• [About this task] Every line from the one that includes "types-of-acupuncture" to the end of the entries should be written out exactly, with the first and last included.

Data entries

● ● ● ●

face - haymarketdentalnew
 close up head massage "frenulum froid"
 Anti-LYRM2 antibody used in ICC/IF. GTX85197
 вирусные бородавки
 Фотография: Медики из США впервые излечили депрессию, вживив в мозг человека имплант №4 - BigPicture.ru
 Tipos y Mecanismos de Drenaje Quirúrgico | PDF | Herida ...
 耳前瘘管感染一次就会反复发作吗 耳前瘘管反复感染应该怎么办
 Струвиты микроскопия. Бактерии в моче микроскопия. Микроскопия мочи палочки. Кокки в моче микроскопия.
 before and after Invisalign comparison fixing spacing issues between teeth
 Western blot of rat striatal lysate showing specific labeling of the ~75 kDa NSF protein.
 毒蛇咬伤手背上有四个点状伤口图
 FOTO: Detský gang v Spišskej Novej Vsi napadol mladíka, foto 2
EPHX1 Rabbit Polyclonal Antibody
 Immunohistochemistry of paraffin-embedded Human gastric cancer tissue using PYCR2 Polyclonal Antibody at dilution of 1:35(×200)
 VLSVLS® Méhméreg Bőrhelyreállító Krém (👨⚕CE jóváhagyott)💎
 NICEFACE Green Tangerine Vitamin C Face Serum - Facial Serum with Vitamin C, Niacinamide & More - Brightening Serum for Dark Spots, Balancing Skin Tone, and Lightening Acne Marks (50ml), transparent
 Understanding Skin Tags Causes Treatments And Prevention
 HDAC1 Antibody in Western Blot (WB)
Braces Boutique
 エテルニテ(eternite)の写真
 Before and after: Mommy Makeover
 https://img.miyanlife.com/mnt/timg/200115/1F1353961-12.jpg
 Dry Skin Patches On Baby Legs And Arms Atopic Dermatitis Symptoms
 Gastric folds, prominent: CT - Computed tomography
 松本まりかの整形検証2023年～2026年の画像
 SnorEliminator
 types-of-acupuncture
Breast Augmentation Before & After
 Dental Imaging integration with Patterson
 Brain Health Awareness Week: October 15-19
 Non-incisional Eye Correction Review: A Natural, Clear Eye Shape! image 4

● ● ● ●

• [Task output]
 types-of-acupuncture
Breast Augmentation Before & After
 Dental Imaging integration with Patterson
 Brain Health Awareness Week: October 15-19
 Non-incisional Eye Correction Review: A Natural, Clear Eye Shape! image 4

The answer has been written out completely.